-- Provided data --
========
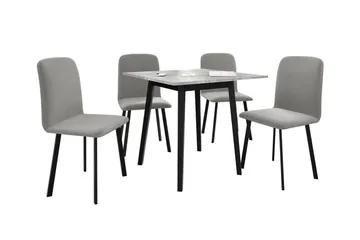 Narberth Spisegruppe - Møbler - Borde - Spisebordssæt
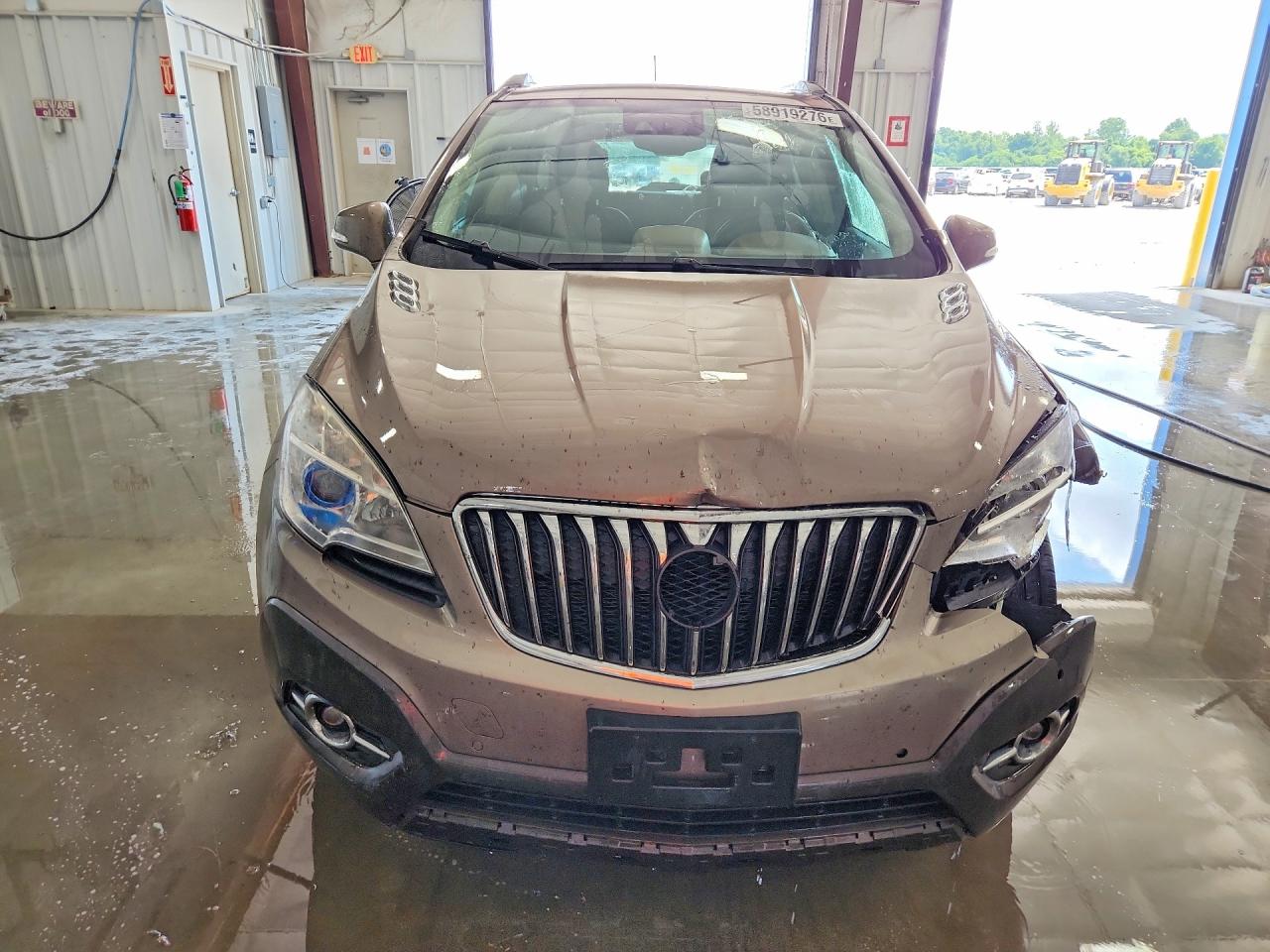 2014 BUICK ENCORE
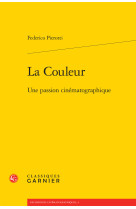 La couleur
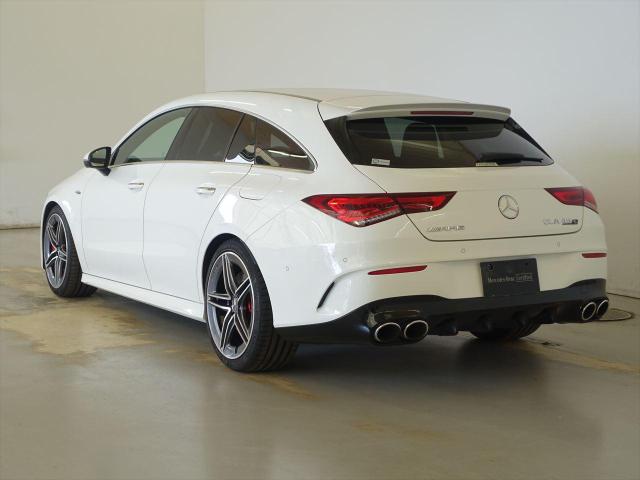 メルセデス‐AMG CLA45 S 4MATIC+ シューティングブレーク AMGパフォーマンスパッケージ・AMGアドバンスドパッケージ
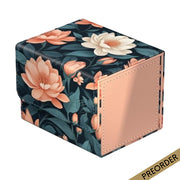 Ultimate Guard Sidewinder 100+ XenoSkin Deck Box 2025 Floral Places Quiet Glade
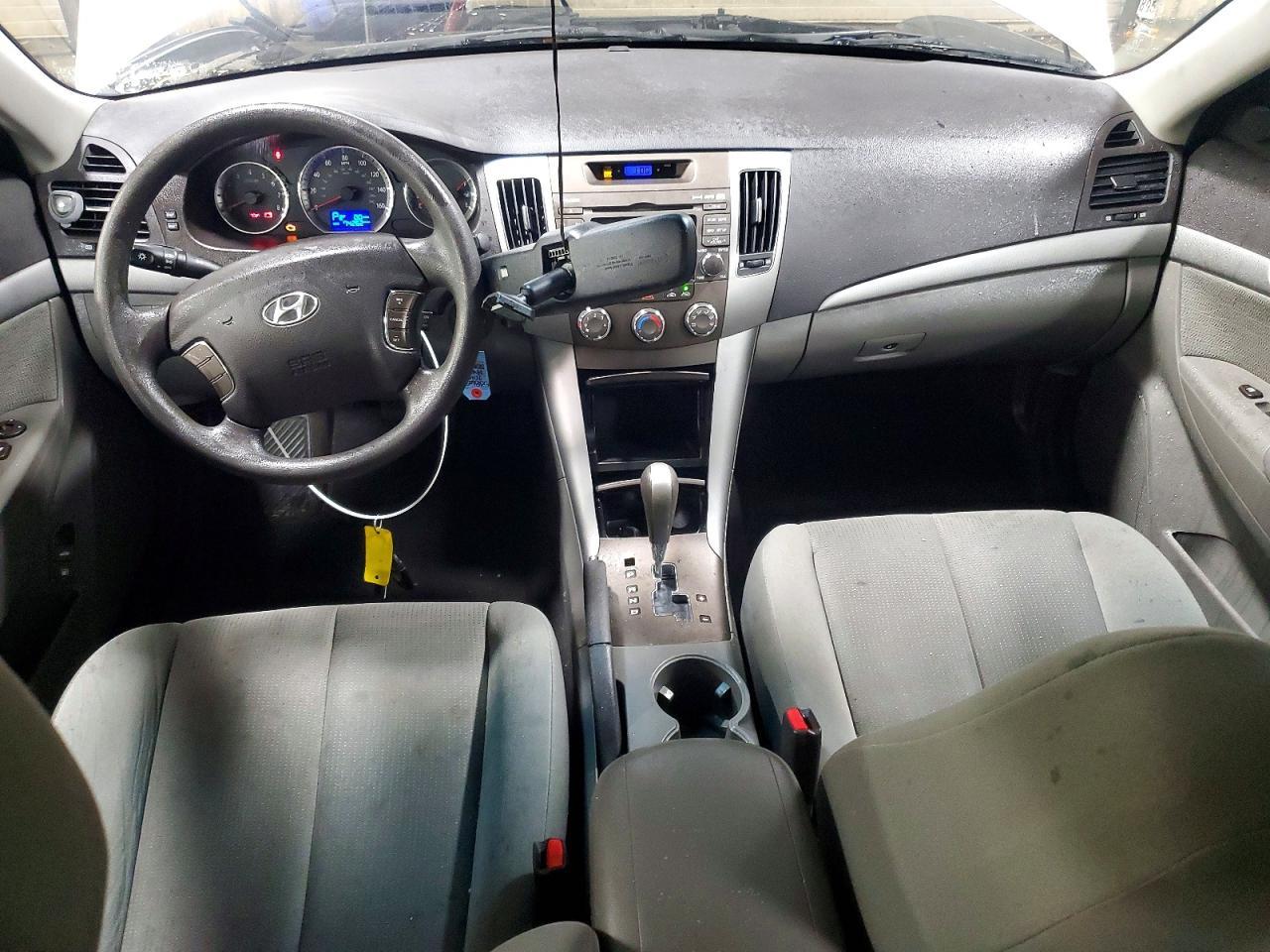 2010 Hyundai Sonata gls
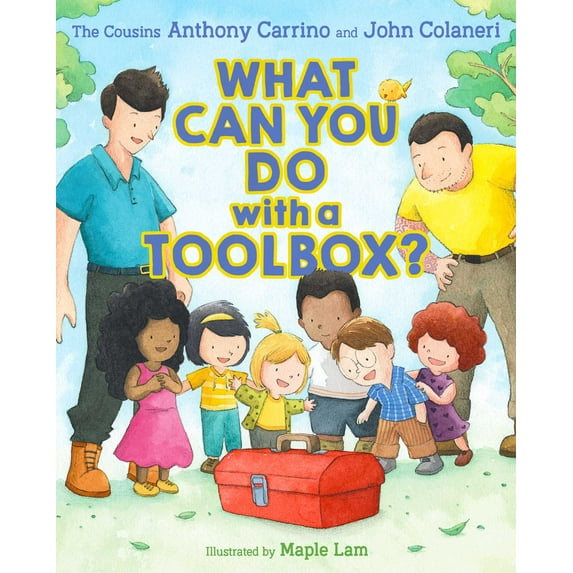 What Can You Do with a Toolbox? (Hardcover)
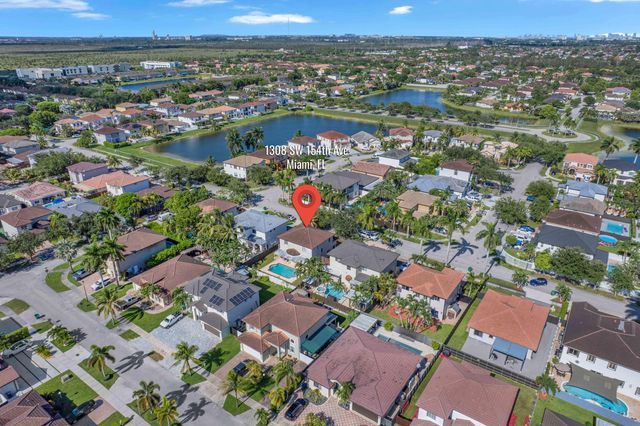 1308 SW 154TH Avenue, Miami, FL 33194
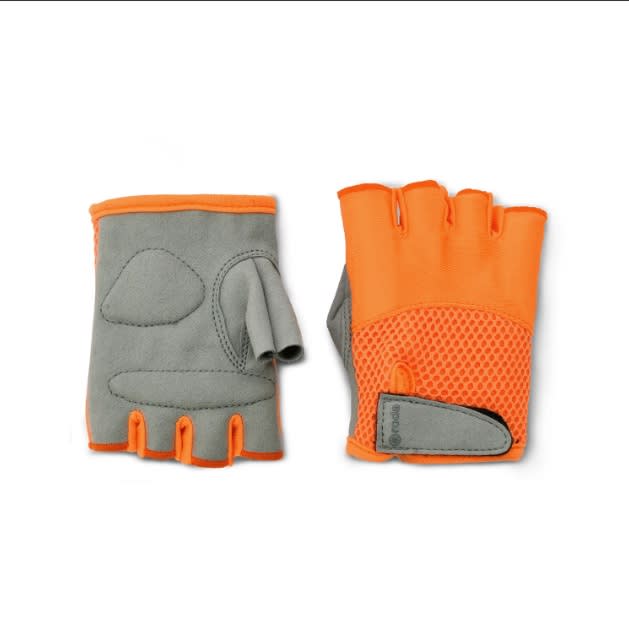 Roda Guantes Bicicleta  Naranjo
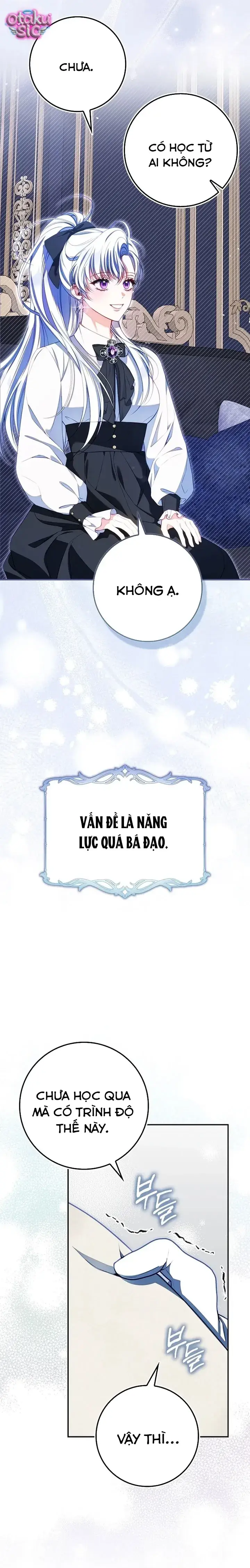 Là Nữ Chính Của Truyện Ngược, Nhưng Tôi Rất Mạnh Mẽ Chapter 8 - Trang 11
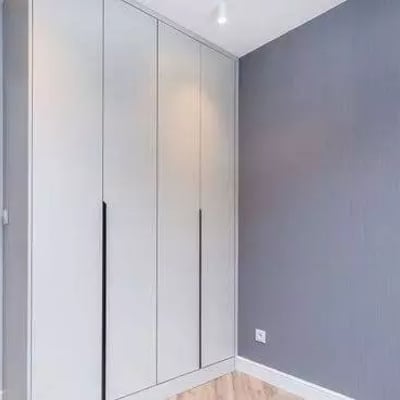 Long-term rental of a 3-room apartment, 60 m² in Krakow, Poland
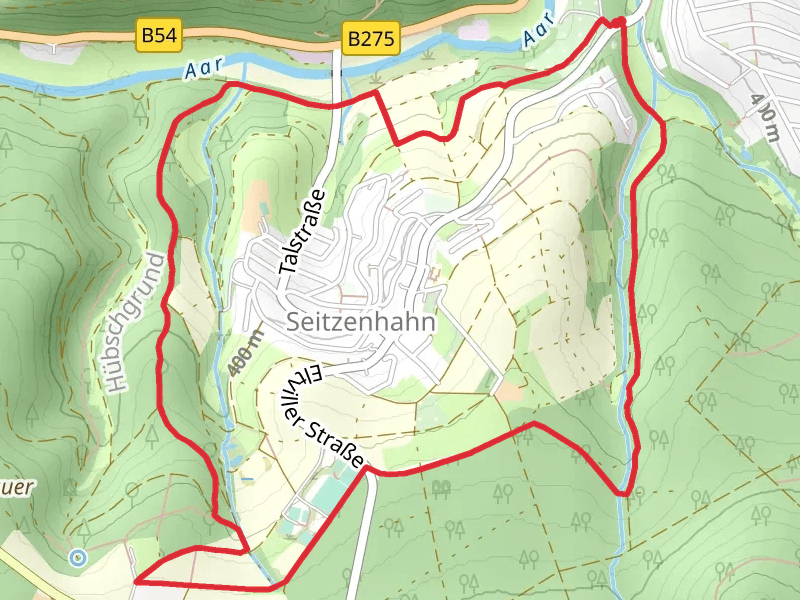 Schwarzer Hahn Loop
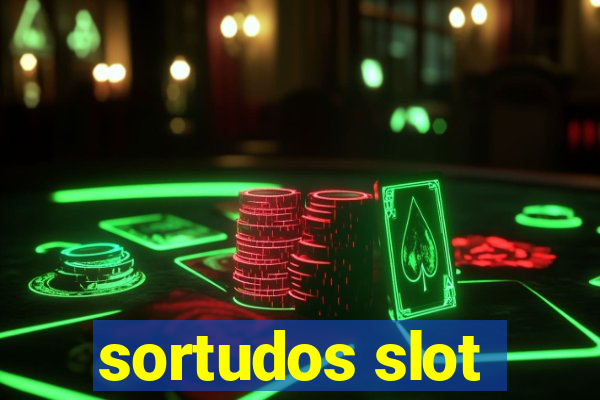 sortudos slot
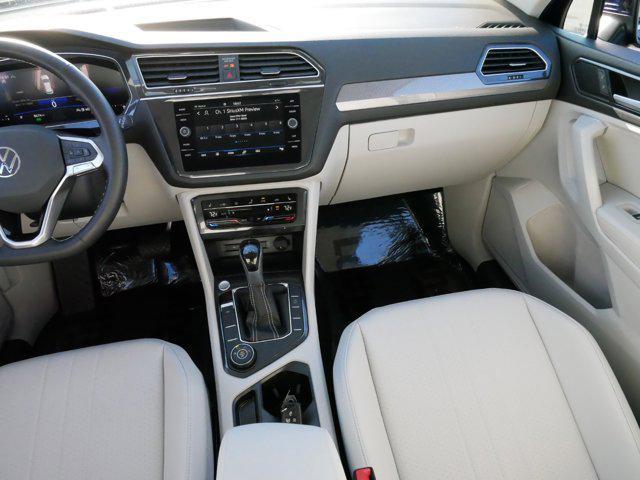 used 2024 Volkswagen Tiguan car, priced at $28,490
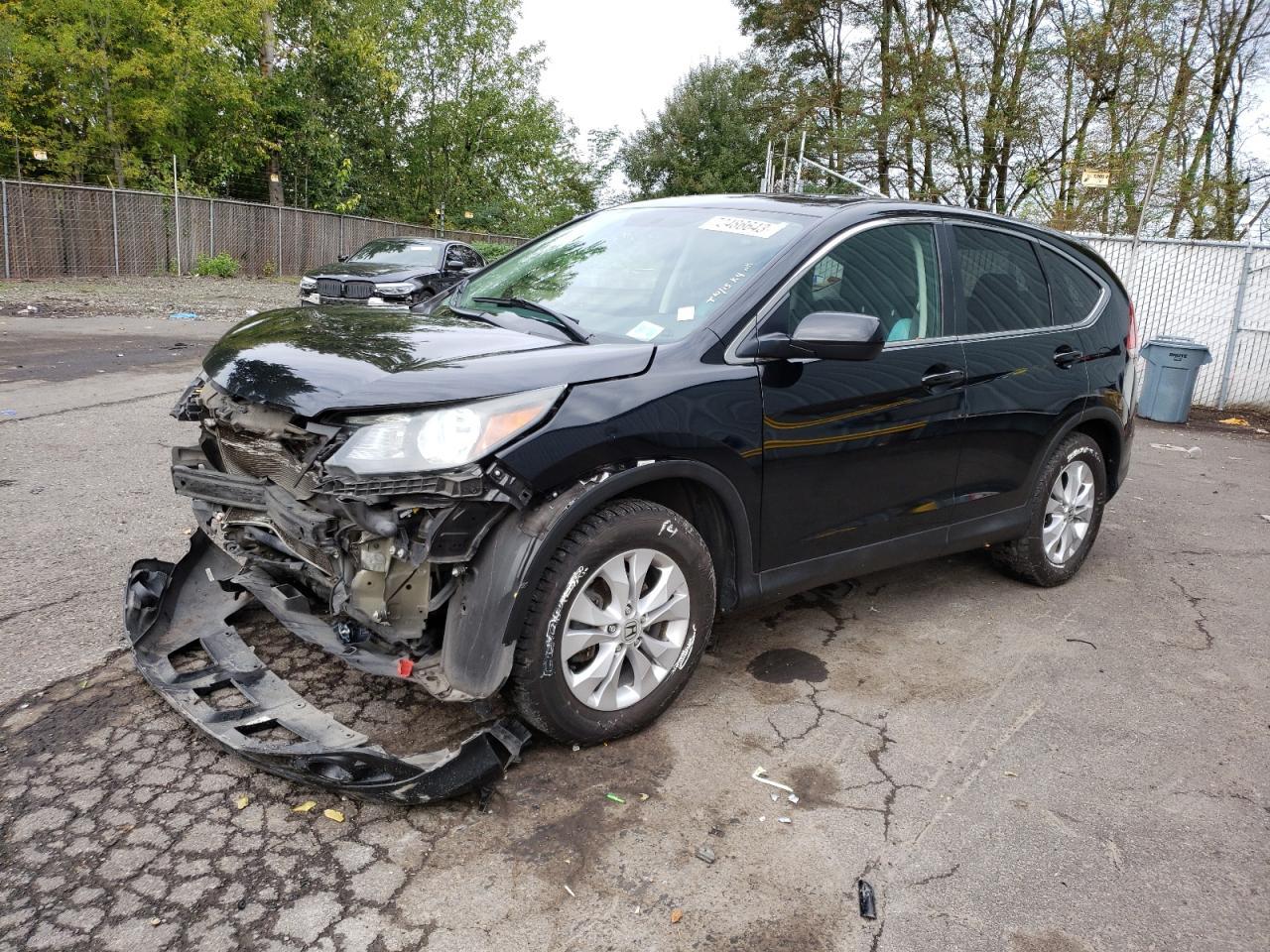 2014 HONDA CR-V EX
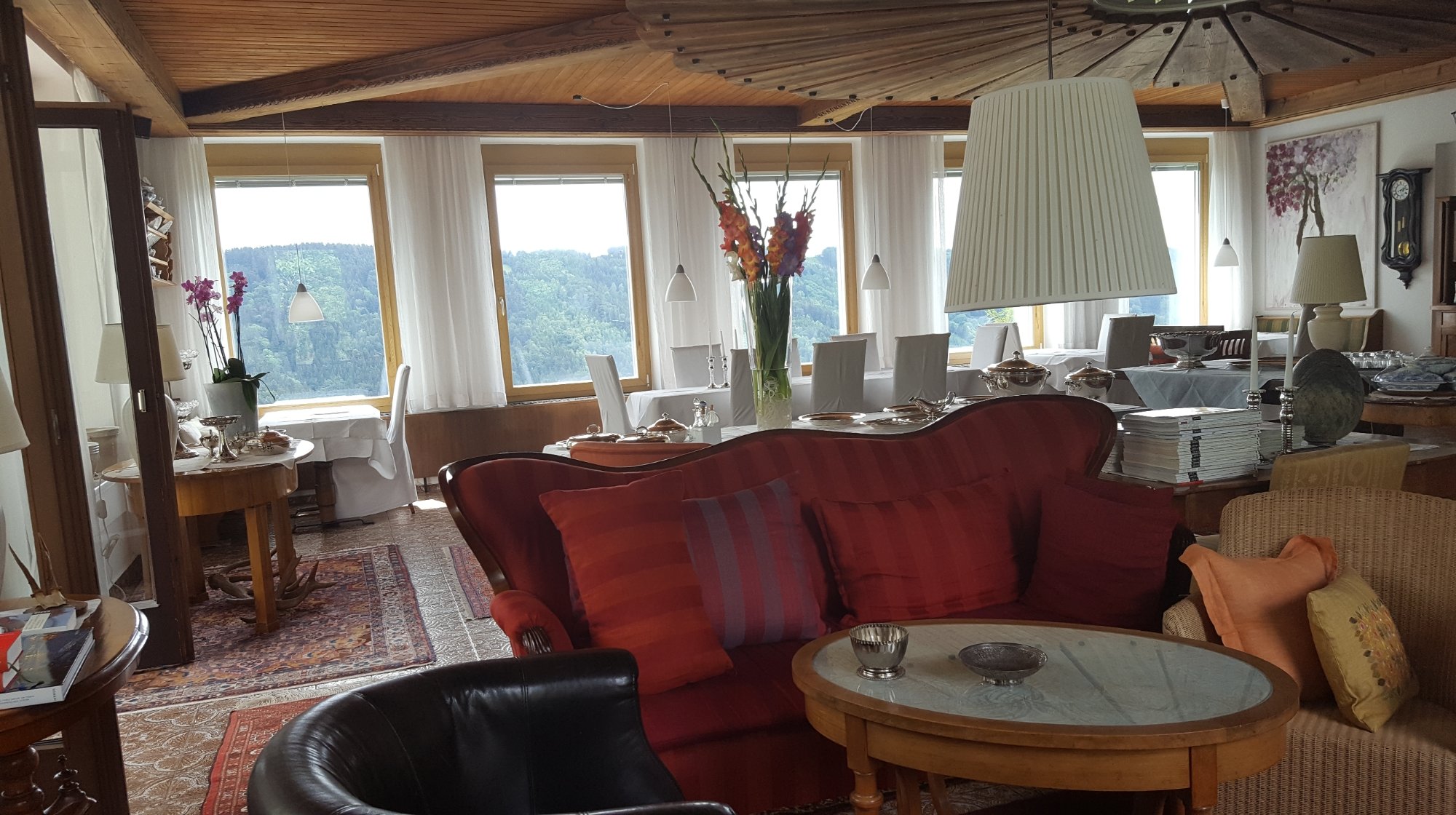 Hotel photo 3 of Landhaus Falkner.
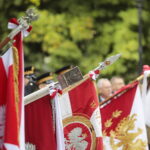 27.09.2022. Kielce. 83. rocznica powstania Polskiego Państwa Podziemnego / Fot. Wiktor Taszłow - Radio Kielce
========
-- Work order --
Although the records contain pictures, the output must hold only their exact wording.

-- Answer to the problem --
 Narberth Spisegruppe - Møbler - Borde - Spisebordssæt
 2014 BUICK ENCORE
 La couleur
 メルセデス‐AMG CLA45 S 4MATIC+ シューティングブレーク AMGパフォーマンスパッケージ・AMGアドバンスドパッケージ
 Ultimate Guard Sidewinder 100+ XenoSkin Deck Box 2025 Floral Places Quiet Glade
 2010 Hyundai Sonata gls
 What Can You Do with a Toolbox? (Hardcover)
 1308 SW 154TH Avenue, Miami, FL 33194
 Roda Guantes Bicicleta  Naranjo
 Là Nữ Chính Của Truyện Ngược, Nhưng Tôi Rất Mạnh Mẽ Chapter 8 - Trang 11
 Long-term rental of a 3-room apartment, 60 m² in Krakow, Poland
 Schwarzer Hahn Loop
 sortudos slot
 used 2024 Volkswagen Tiguan car, priced at $28,490
 2014 HONDA CR-V EX
 Hotel photo 3 of Landhaus Falkner.
 27.09.2022. Kielce. 83. rocznica powstania Polskiego Państwa Podziemnego / Fot. Wiktor Taszłow - Radio Kielce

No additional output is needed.